RR Phantom
Location : Wasted Space Job/hobbies : Cayman Islands Actuary
| Subject: I Was Wrong About Putin Tue Mar 08, 2022 4:22 pm | |
| When U.S. intelligence started saying that Russia would invade Ukraine, I didn’t believe it. By Sergei Dobrynin
In February 2000, I met my friend and mentor, the anthropologist Vladimir Arsenyev, for a beer in a musty St. Petersburg University cafeteria. We were talking politics, and we fell into a conversation about the upcoming presidential election, which Vladimir Putin was obviously bound to win. Putin had succeeded Boris Yeltsin after the latter’s resignation and was seeking his first full term in power.
Arsenyev, then in his early 50s, was a fiery postcolonial leftist who hated the Soviet Union, but considered the emerging Russian mix of imperialism and capitalism to be even worse. He was not popular among his colleagues and was also disliked by some of his students who saw him as a kind of anti-corporate maverick.
My political orientation was rather different. I was decades younger than Arsenyev, and my whole childhood had been colored by the collapse of the Soviet Union. Because I had experienced chaos, I believed in a strong hand. I regretted that Russia was no longer a superpower and thought that my country deserved a bigger role in world politics.
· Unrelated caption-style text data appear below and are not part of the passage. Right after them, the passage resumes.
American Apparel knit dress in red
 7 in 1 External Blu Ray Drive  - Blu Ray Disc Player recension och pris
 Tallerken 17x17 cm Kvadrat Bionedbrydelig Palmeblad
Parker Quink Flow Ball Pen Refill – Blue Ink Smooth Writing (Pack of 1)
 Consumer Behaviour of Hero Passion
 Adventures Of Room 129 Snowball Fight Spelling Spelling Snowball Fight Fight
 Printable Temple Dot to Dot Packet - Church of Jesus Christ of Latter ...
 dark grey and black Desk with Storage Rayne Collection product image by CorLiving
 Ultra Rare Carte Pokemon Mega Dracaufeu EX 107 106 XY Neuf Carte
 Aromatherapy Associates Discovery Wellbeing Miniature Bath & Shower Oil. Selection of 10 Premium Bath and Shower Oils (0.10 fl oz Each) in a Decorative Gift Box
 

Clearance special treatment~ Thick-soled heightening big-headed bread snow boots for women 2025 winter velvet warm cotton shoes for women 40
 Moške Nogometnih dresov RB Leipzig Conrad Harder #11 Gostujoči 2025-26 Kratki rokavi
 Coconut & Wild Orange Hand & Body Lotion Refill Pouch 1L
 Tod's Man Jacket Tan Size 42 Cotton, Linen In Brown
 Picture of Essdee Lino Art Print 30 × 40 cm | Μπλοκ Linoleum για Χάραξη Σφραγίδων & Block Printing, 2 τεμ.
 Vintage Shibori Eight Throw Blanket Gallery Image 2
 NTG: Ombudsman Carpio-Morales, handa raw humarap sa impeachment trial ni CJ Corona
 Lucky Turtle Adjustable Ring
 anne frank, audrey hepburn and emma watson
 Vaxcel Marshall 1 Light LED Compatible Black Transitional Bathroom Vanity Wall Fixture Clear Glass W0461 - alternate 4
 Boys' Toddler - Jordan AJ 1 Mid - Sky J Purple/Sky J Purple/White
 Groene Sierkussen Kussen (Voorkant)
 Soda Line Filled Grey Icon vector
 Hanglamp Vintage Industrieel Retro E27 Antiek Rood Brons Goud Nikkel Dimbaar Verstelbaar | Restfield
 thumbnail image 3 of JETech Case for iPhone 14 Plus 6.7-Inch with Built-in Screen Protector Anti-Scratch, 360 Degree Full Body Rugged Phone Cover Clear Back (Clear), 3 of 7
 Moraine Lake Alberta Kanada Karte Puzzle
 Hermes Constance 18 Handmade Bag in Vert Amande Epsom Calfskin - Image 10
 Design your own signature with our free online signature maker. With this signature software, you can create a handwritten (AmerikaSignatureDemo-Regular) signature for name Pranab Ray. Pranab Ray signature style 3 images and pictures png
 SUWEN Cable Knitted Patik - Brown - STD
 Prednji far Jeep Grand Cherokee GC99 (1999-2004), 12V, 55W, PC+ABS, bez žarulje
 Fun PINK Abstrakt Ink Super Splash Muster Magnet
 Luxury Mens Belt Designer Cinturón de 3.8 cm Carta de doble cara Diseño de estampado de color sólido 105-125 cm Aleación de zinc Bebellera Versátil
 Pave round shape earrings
I suppose you could say I wanted to make Russia great again.
Arsenyev put down his beer and said (in Russian, of course): “This man, Putin, will bring this country to hell. I know this for sure. It is the worst thing that could ever happen to us.”
“Why?” I asked.
“He is a Chekist,” he said, meaning an agent of the secret police. “Once a Chekist, always a Chekist. He is pure evil.”